### Material provided
######

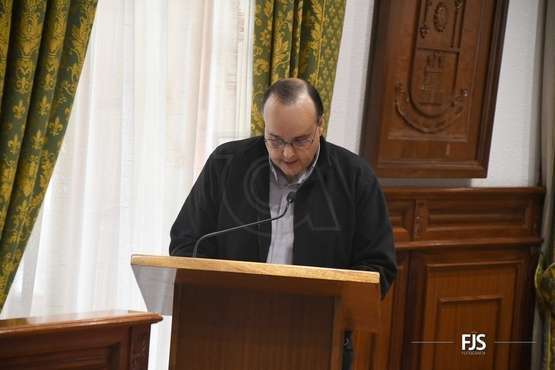  Benjamín Ramírez, el primer sacerdote que alza la voz en el Pleno de Telde contra la lacra machista/fFJS Fotografía.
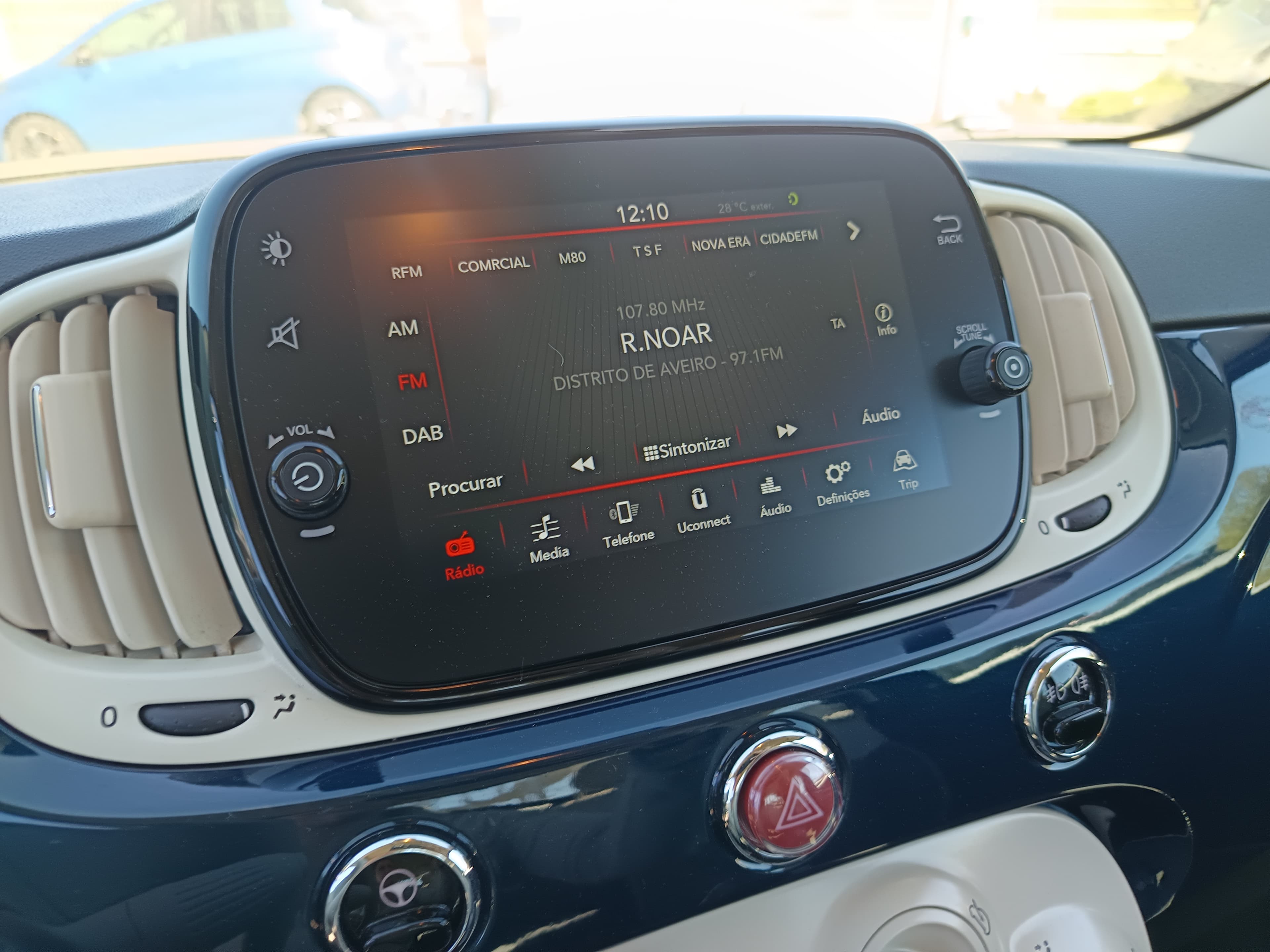 Fiat 500 Cabrio · Ano 2020 — image 39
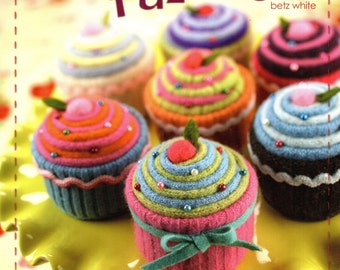 WARM FUZZIES 30 Sweet Felted Projects from Cast-Off Sweaters Betz White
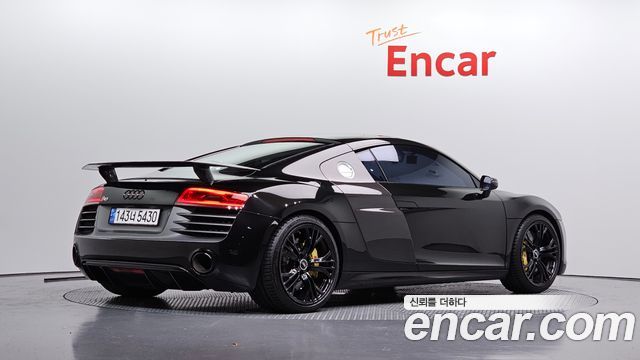Audi R8 2015 — photo 2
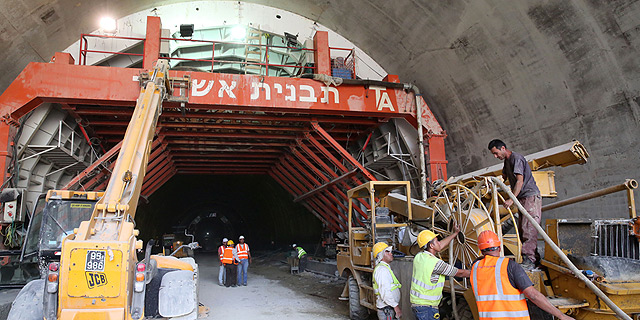 מקצרים את הדרך לבירה: הושלמה כריית המנהרות בכביש החדש לירושלים 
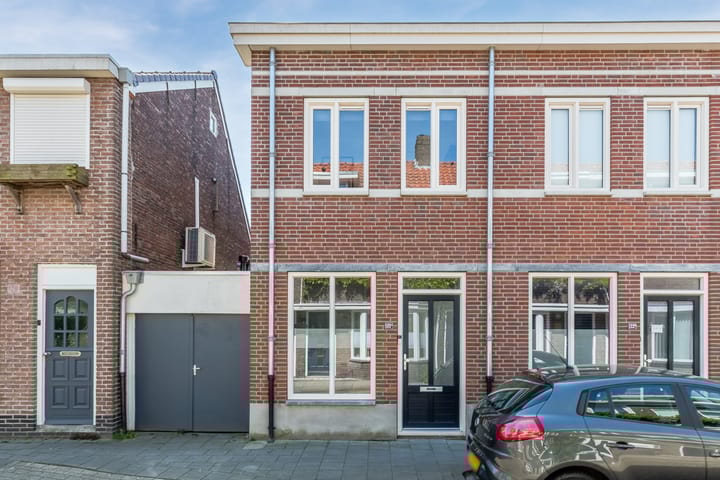 Hoogvensestraat 122a in Tilburg
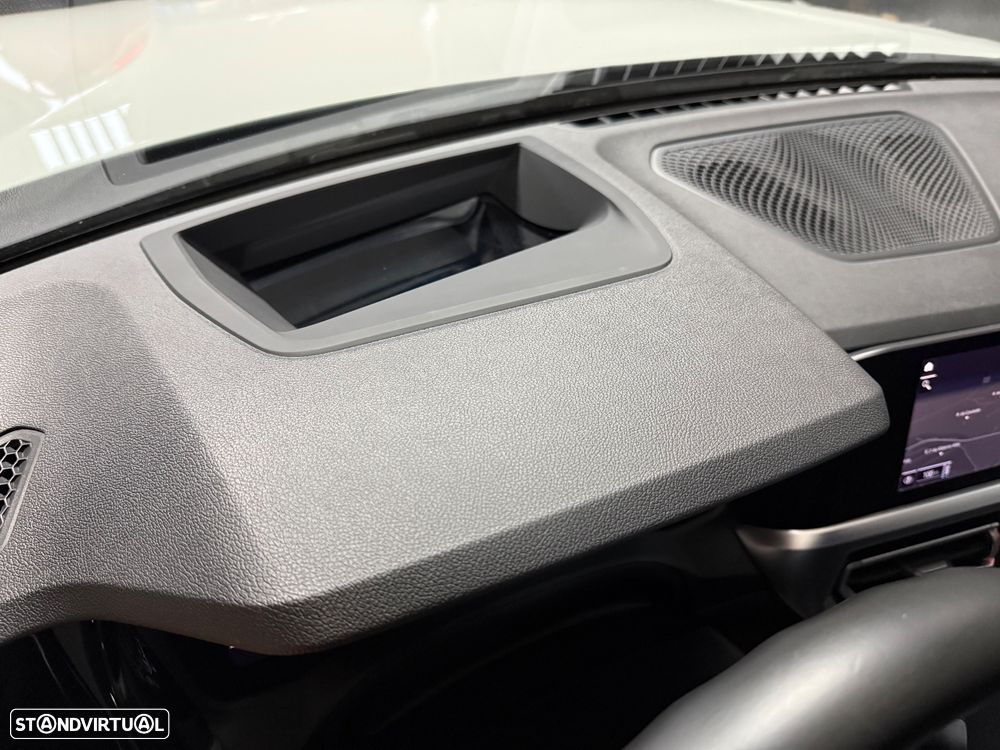 BMW 330 e Pack Desportivo M Auto - 9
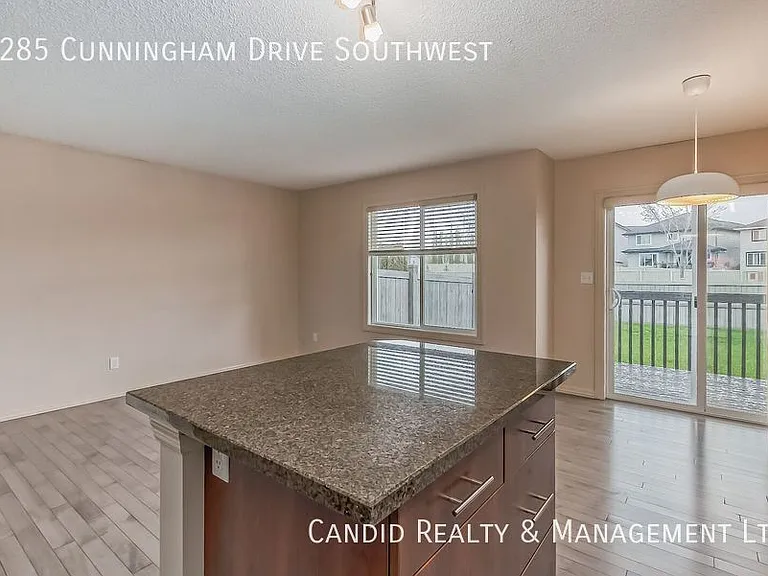 1285 Cunningham Dr SW — Photo 4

######

### Task description
Everything from the line with "Audi R8 2015 — photo 2" through the end of the records is to be repeated exactly. The pictures are not.

### Solution for this exercise
Audi R8 2015 — photo 2
 מקצרים את הדרך לבירה: הושלמה כריית המנהרות בכביש החדש לירושלים 
 Hoogvensestraat 122a in Tilburg
 BMW 330 e Pack Desportivo M Auto - 9
 1285 Cunningham Dr SW — Photo 4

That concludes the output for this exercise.